Dennier snarled and used her second-to-last cast of [Command: Burst] at the shouting fool; the Attack broke his [Armored] top and sent him flying backwards with a scream. She used her last cast of [Bladestorm] down the hall the other way to hold off the chasing hostages before she turned the corner into the corridor.

And saw a brat standing in front of the Stone with his Novice deck out.

She was at her wits’ end.

First, that rat disrupted her plans. Now the damn hostages had the gall to challenge her? Not only that, they were succeeding. They cleverly wove in and out of the cabins to dodge her Attacks; otherwise, one single [Wind Cannon] would’ve been enough to end this foolish suicide mission. She couldn’t even summon Zephyr properly in these close quarters.

Her cards were low on casts. She needed to refresh, now. She tried to fulfill [Domain: Sequence’s] condition, but it wasn't possible with the onslaught of Attacks they were sending at her. They were even calling out to prevent her from doing so, which meant that Tristan boy was feeding them information.

Dennier, in all her years of piracy, had never been pushed to the brink like this. That dream of retiring on a beach was steadily ripping apart with every additional cast of her cards. She’d left behind a trail of injured in the hallway behind her, and she ached to just finish them off, but she needed to teleport to the flight room and barricade herself. They’d blocked her from entering the cabins with windows, figuring she would try to escape outside that way.

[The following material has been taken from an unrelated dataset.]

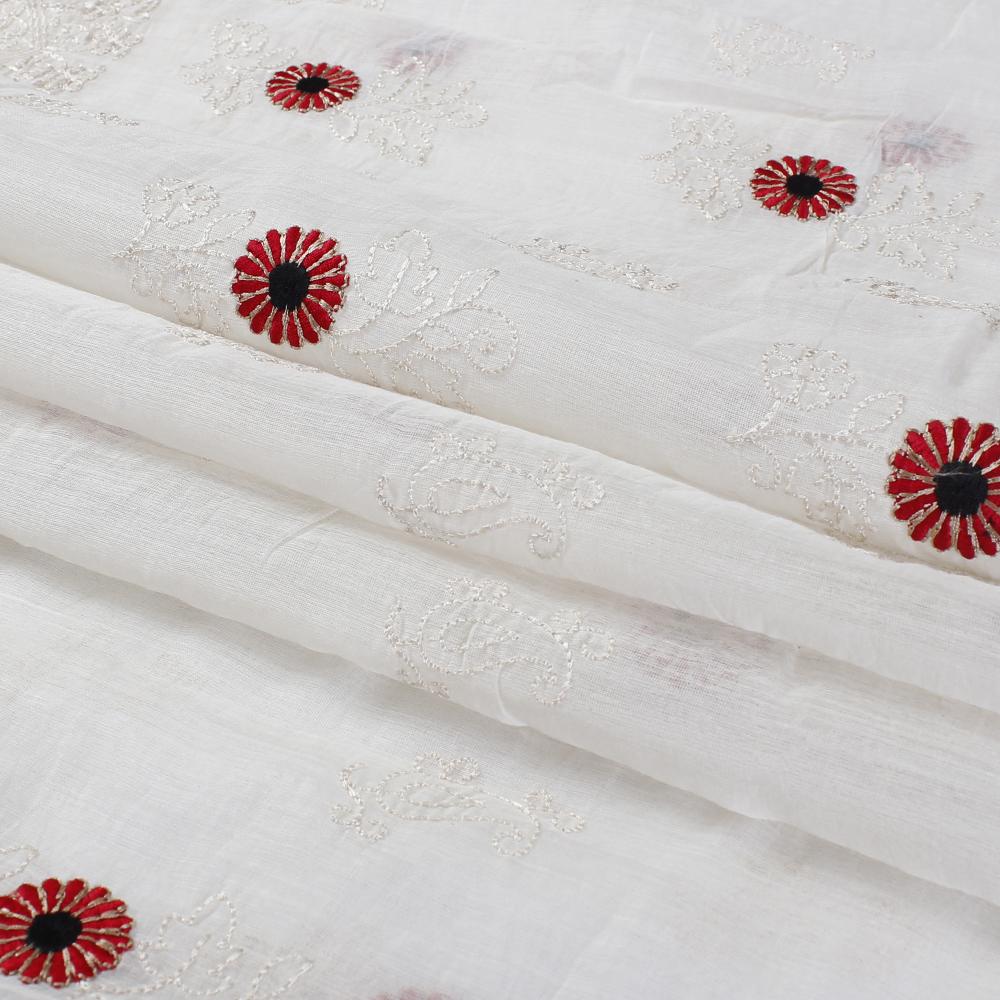 (Pre Cut 2.80 Mtr Piece) White-Red Color Embroidered Pure Chanderi Fabric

The four pirates she left behind on the Scapegoat to watch the damned Magic Myr employees and the engineer could hold the ship down until her deck refreshed. She had no doubt they were planning on commandeering her ship; it’s what she would do in this situation.

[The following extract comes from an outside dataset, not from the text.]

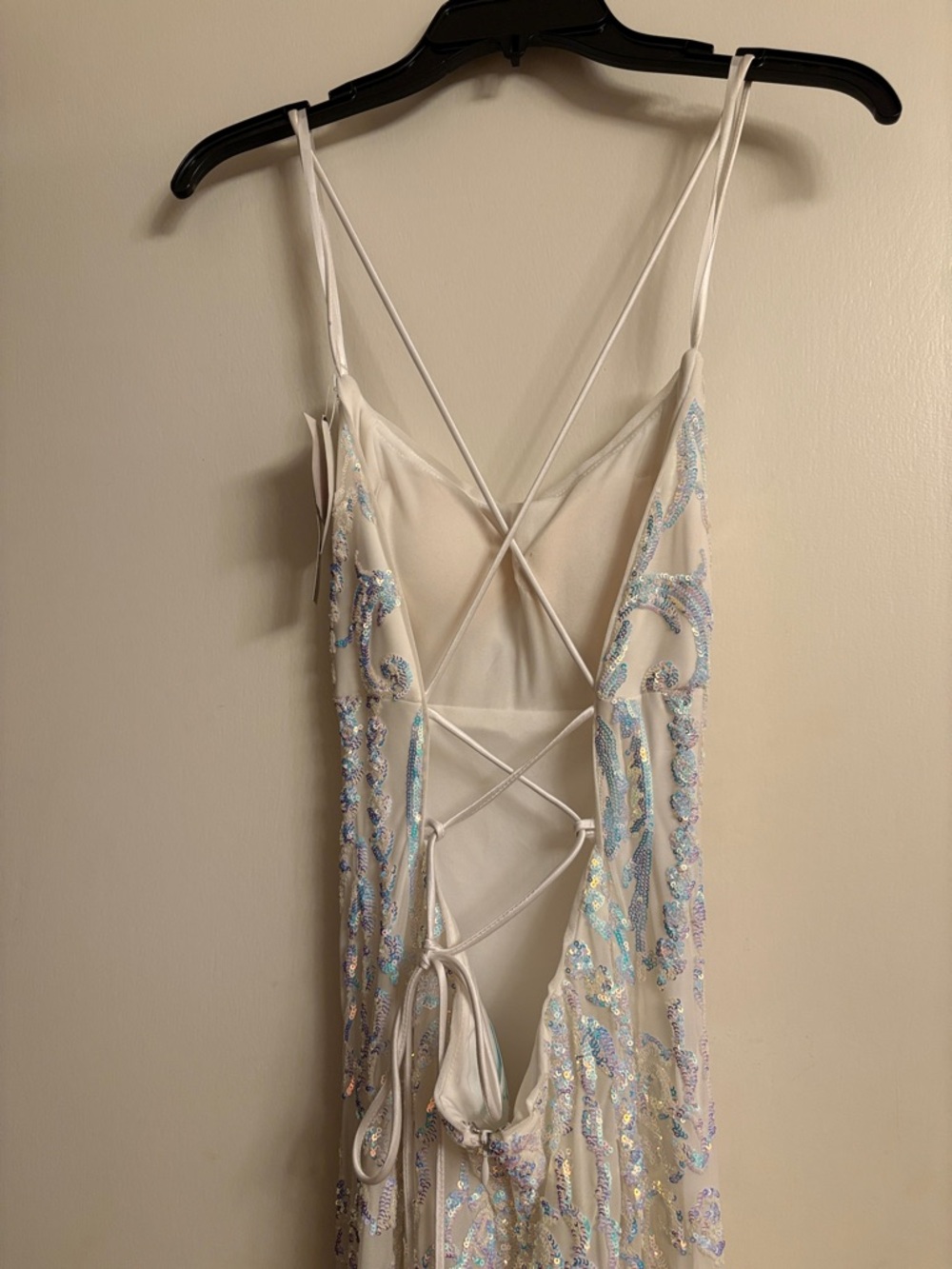 Camille La Vie White Iridescent Sequin Lace-Up Slip Dress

And now, this stupid brat stood in her way of the [Teleport Stone]? He was young, only a few years older than Albas. He shouted something and cast the card in his hand, but his hand was shaking so hard the card—a simple [Fire Bolt]--flew astray and hit the wall.

She ran down towards the brat, laying down a [Leashed Maelstrom] behind her as she went. He stumbled backwards and tripped over his own feet, falling to the floor.

She pulled [Command: Spike]. It would be a waste of a cast, but she didn’t care. She’d lost control, she could admit. Might as well enjoy it. In the corner of her eye, she saw a young man covering the body of an unconscious woman. She dismissed him; he didn’t even have his deck out. At least this boy, the fool that he was, did.

The boy summoned his [Binder]. Flipped through desperately. She reared back her arm as voices shouted in concern behind her, then in pain as they triggered her Trap. Wind burst down the hall, sending her hair fluttering.

She met his eyes. He was crying.

Dennier cast.

A card flew down the side corridor and hit her [Command: Spike]mid-air, deflecting it. Her Attack spiked a hole in the wall beside the boy, who turned his head and gasped.

Dennier threw her head back and laughed. She didn’t have to look.

“Ready for round two?” she shouted.

In a burst of shadow, Tristan appeared before her. He grabbed her by the arm and slammed his other arm holding an [Access Key] onto the Stone.

The last thing she saw before the world turned to light was his grin.